[Start of Attachment]

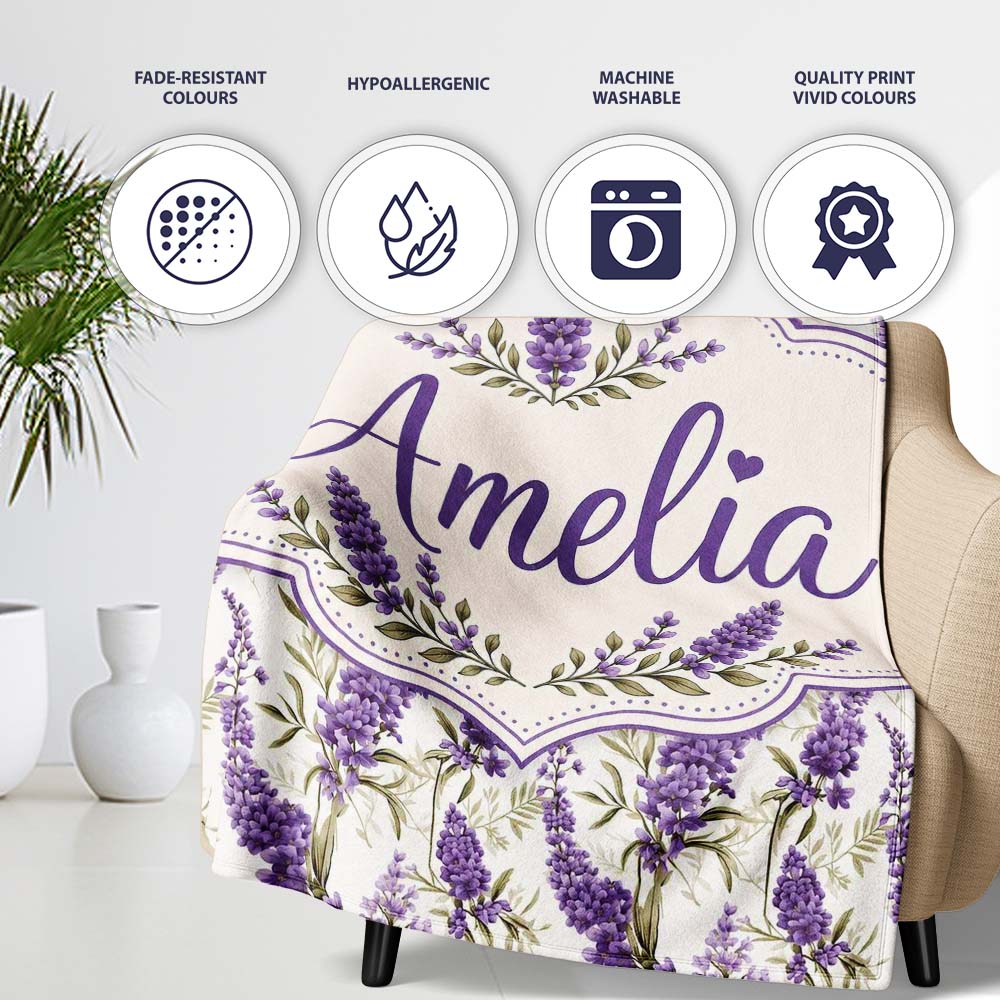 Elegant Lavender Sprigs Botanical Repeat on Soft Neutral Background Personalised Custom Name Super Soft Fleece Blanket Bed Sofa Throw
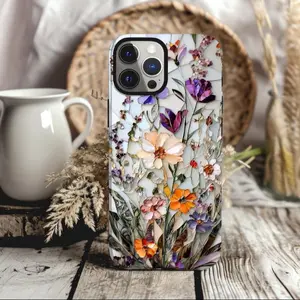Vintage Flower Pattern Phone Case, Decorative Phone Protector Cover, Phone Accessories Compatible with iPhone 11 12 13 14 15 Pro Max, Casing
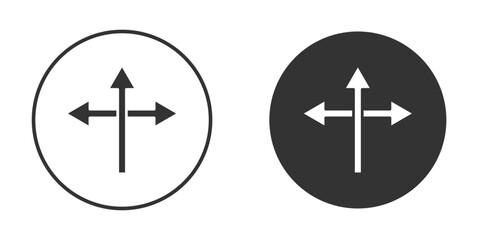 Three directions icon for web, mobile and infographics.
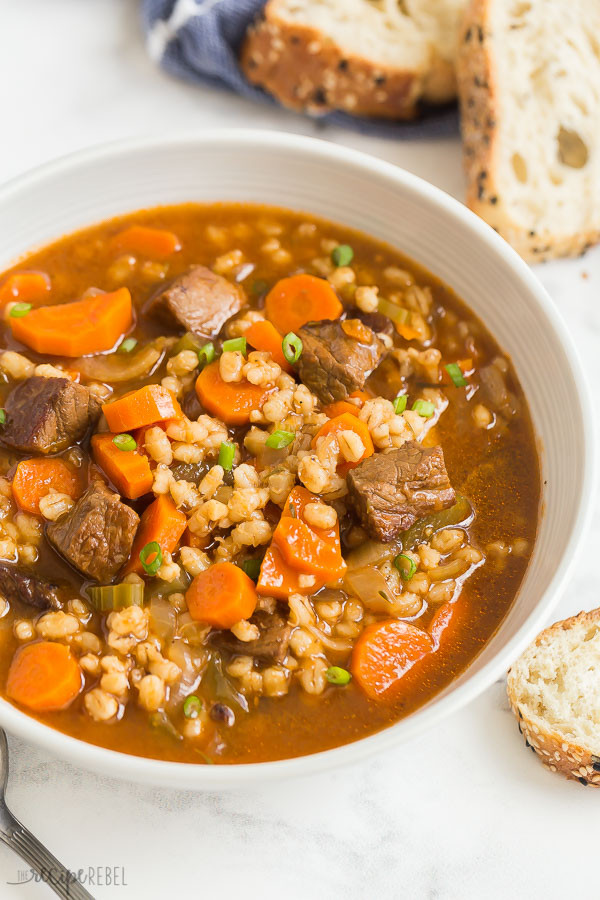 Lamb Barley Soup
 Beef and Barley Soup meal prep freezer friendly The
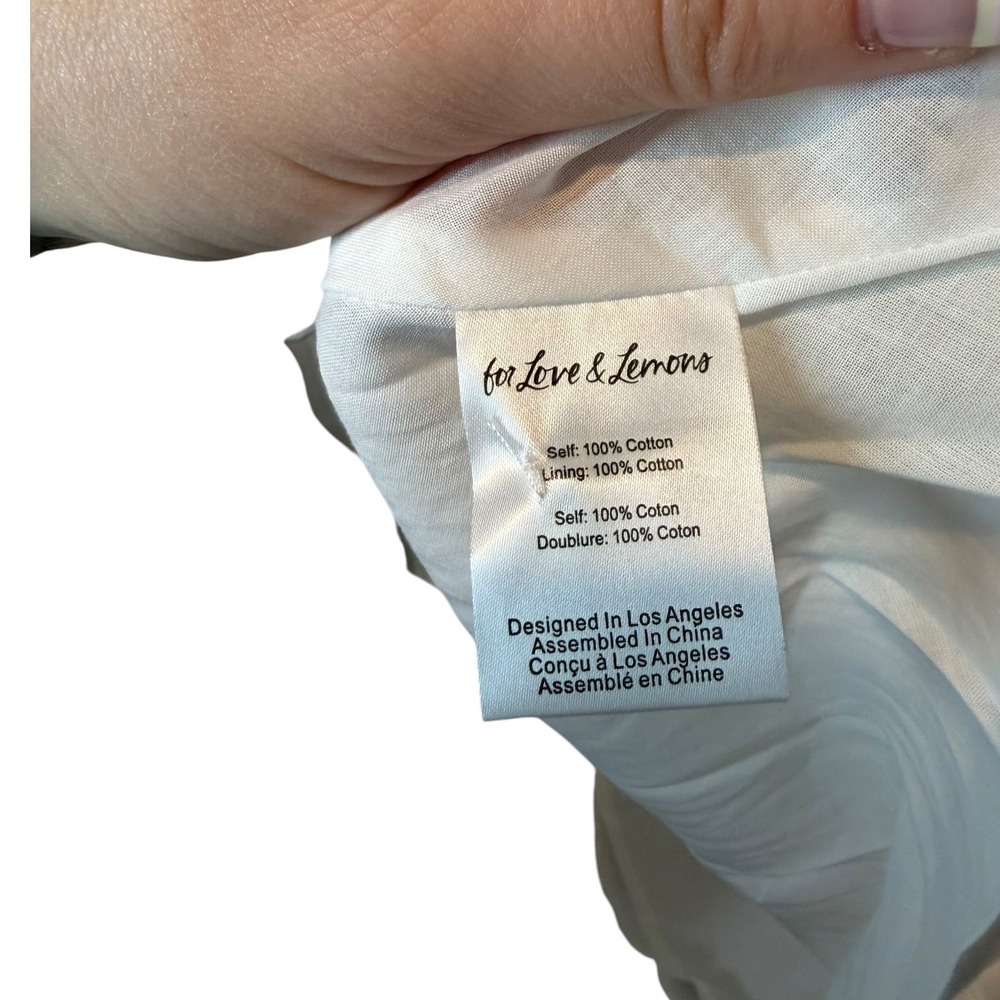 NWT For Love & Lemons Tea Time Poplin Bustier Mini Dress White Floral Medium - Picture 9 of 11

[End of Attachment]

**REQUIREMENT**.
Repeat the lines above precisely and skip every picture.

**RESPONSE**.
 Elegant Lavender Sprigs Botanical Repeat on Soft Neutral Background Personalised Custom Name Super Soft Fleece Blanket Bed Sofa Throw
Vintage Flower Pattern Phone Case, Decorative Phone Protector Cover, Phone Accessories Compatible with iPhone 11 12 13 14 15 Pro Max, Casing
 Three directions icon for web, mobile and infographics.
 Lamb Barley Soup
 Beef and Barley Soup meal prep freezer friendly The
 NWT For Love & Lemons Tea Time Poplin Bustier Mini Dress White Floral Medium - Picture 9 of 11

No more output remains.